→ What to work on
The task for the listing below is to write out exactly the lines starting at the one containing "629 Byron Road" and ending at the one containing "(주)대한국민건강 이미지", both included. Pictures are to be omitted.

→ Records for processing

========

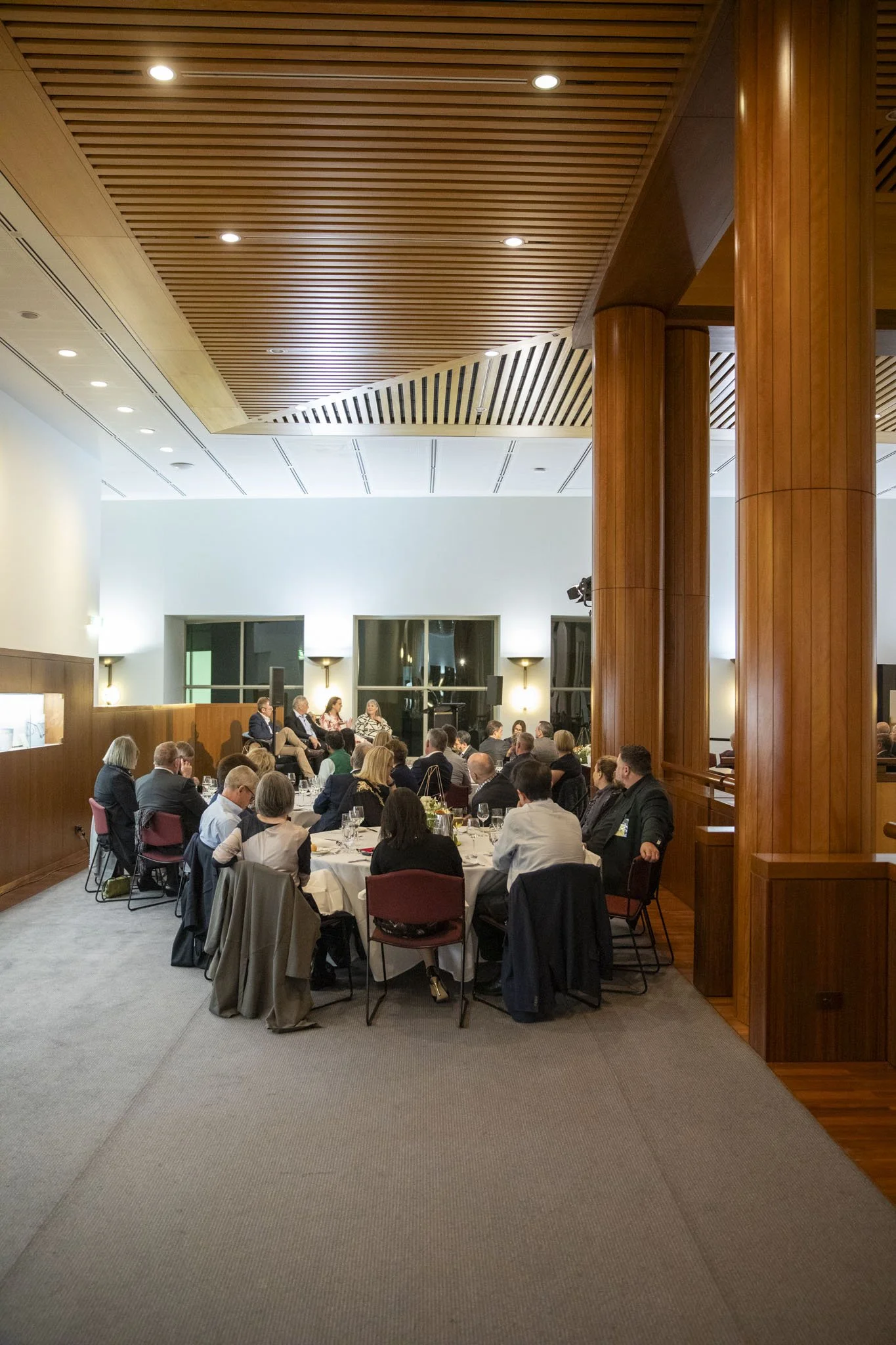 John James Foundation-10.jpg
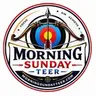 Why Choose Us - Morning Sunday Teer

========

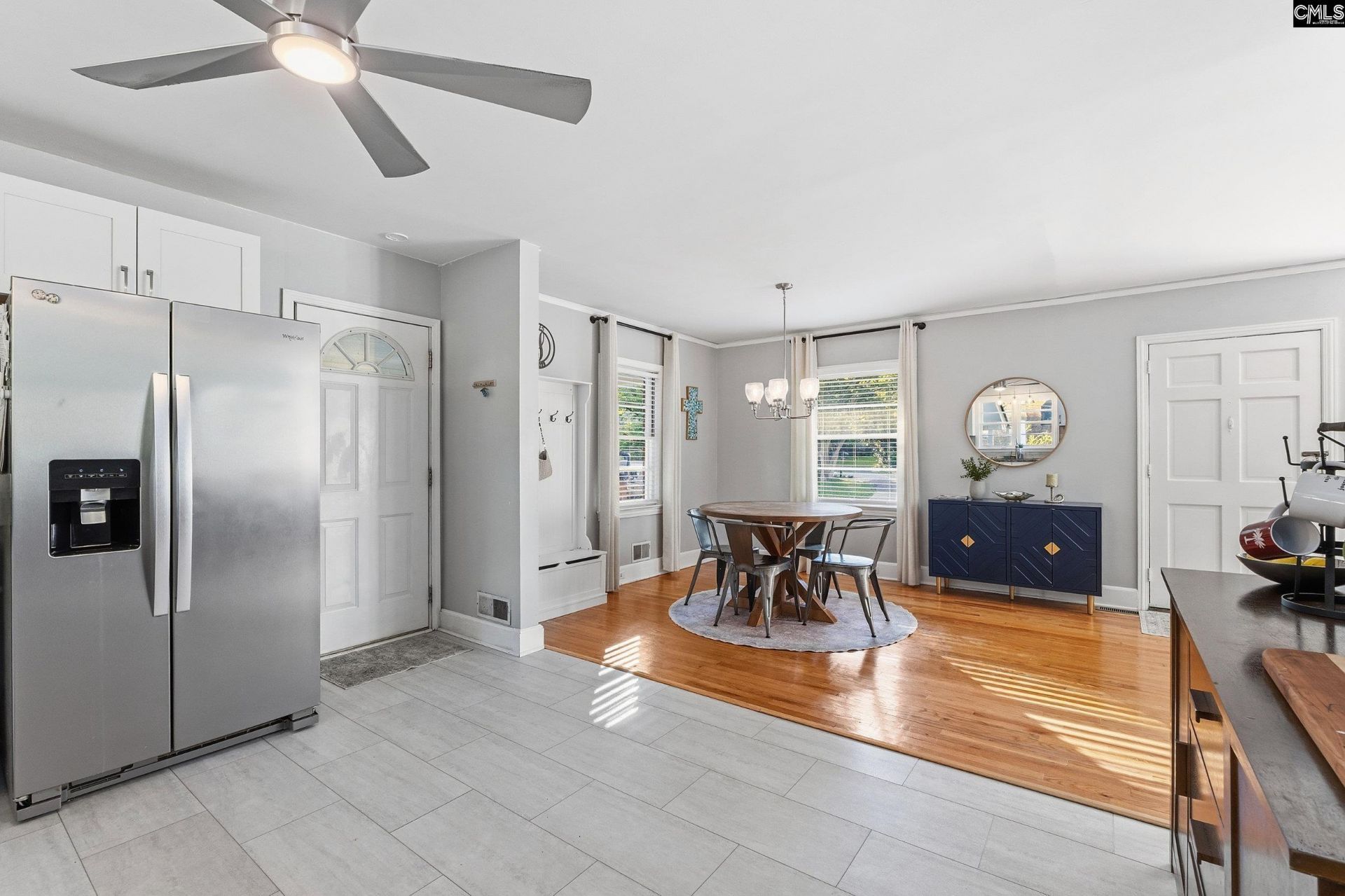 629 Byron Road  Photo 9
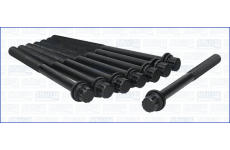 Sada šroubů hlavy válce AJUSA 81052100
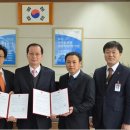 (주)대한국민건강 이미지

========

→ Solution to this problem
 629 Byron Road  Photo 9
 Sada šroubů hlavy válce AJUSA 81052100
 (주)대한국민건강 이미지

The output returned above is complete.